JAKARTA, KOMPAS.com – Cuti bersama pada 18 Agustus 2025 yang ditetapkan pemerintah untuk memeriahkan HUT ke-80 RI rupanya tak selalu disambut gembira.
"Jangankan berharap 18 Agustus libur, tanggal 17 Agustus saja disuruh masuk, " kalimat itu keluar dengan nada getir dari Tama (37), seorang karyawan swasta di Jakarta.
Tidak ada eufotia, apalagi rencana liburan. Pasalnya, ia tetap harus bekerja pada Hari Kemerdekaan yang jatuh pada hari Minggu itu.
“Di saat orang lain menikmati libur panjang, kami cuma bisa ngiler. Kami masih harus banting tulang biar tetap bisa makan,” kata Tama kepada Kompas.com, Jumat (8/8/2025).

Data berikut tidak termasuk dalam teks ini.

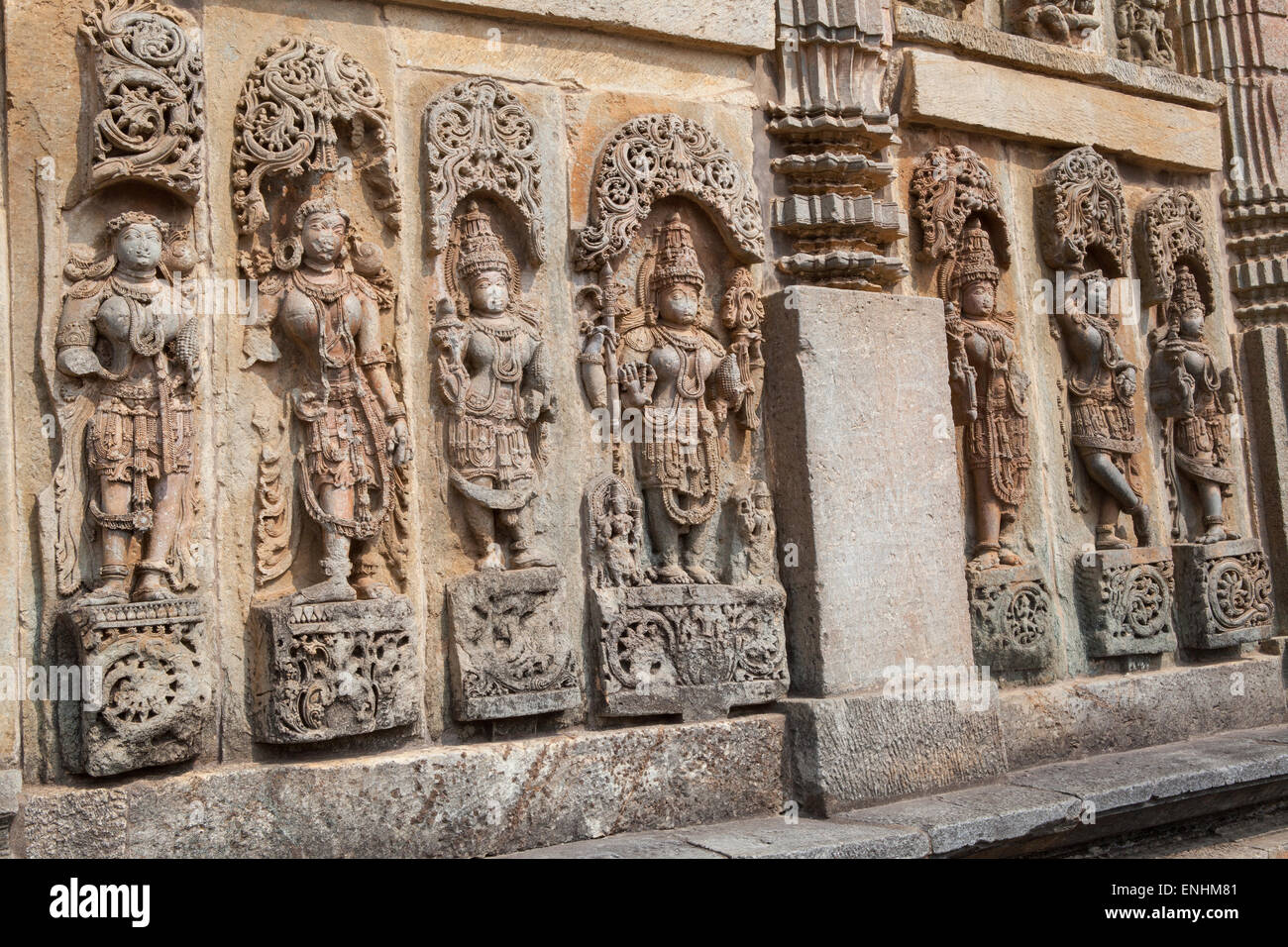 Skulpturen und Schnitzereien im Chennakesava-Tempel in Belur Stockfoto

Baca juga: Cuti Bersama 18 Agustus Dinilai Lebih Untungkan Pegawai Negeri Ketimbang Swasta
Tama menilai, hari libur nasional kadang hanya benar-benar menjadi milik segelintir orang, yakni bos besar dan para pegawai negeri.
“Kalau pekerja kelas bawah kayak gue tetap harus masuk buat memastikan operasional perusahaan tetap jalan di tengah-tengah orang yang bisa menikmati momen liburan bersama orang-orang terkasih,” ucap dia.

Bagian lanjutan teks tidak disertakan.